Tesla’s battery economics get questioned:
A core concept in strategy consulting is the experience curve. While I’ll get to cover the full workings in a forthcoming article, the core concept is that costs of producing units (or more or less anything) come down as the cumulative number of units produced by the industry goes up. Note: defining the units against which ‘experience’ accumulates is the tricky part. In some industries learning is slow and the prices fall slowly. In other industries the slope of the curve is steep.
Competition tends to accelerate the fall in costs. As long as your selling price is above the cost then you’re probably okay. With some analysis, these cost curves become predictable and this allows brave companies to price now based on where costs will be in future. They do this often to win market share that allows them to learn faster than competitors and drive their costs down faster than the industry. For example, when Amazon launched its S3 service they priced at a rate many believe was below their actual costs at the time.

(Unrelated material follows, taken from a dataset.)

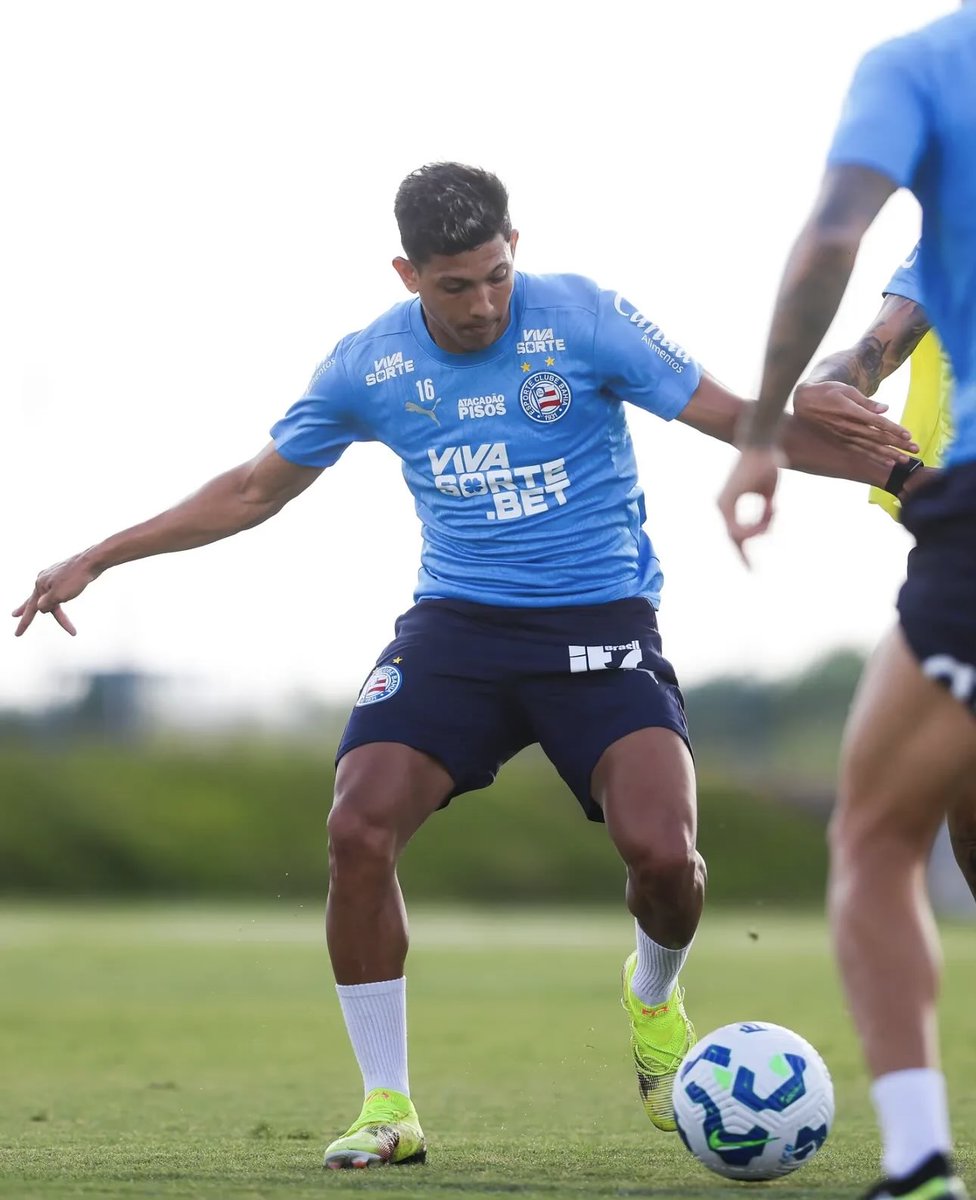 PULGUINHA ESTÁ DE VOLTA! 💙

Something just like this is going on in the electric car industry, where Toyota, Nissan and Tesla seem to make all the headlines. Its important to note that Toyota and Nissan have sold far more of the Prius or the Leaf than Tesla – they are much further down the curve (and these three companies are further down the curve than the rest of the industry combined).

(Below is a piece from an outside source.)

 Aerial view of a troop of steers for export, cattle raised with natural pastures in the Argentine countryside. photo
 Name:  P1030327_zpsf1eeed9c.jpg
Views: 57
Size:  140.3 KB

Tesla’s shares have done well lately. So it’s worth noting that while Tesla has a stated aim to slash the cost of its cars by half by 2016, the core cost of these cars is their battery. If you think about it, electric cars differ from petrol cars only really in their motor and their fuel source. Electric motors have been around for years and are unlikely to suddenly get more efficient. Batteries are the single place where technologies have to advance to make the cars more affordable and more useful. The problem for Tesla is that few experts believe the cost of the battery will drop by more than 30% in this time.
So Elon Musk needs to take care that his cost curve (which falls at only 30%) doesn’t end up higher than his price curve (which he wants to fall at 50%). The bottom line is that savvy analysts are urging caution about the bet on falling battery prices that Tesla shares represent.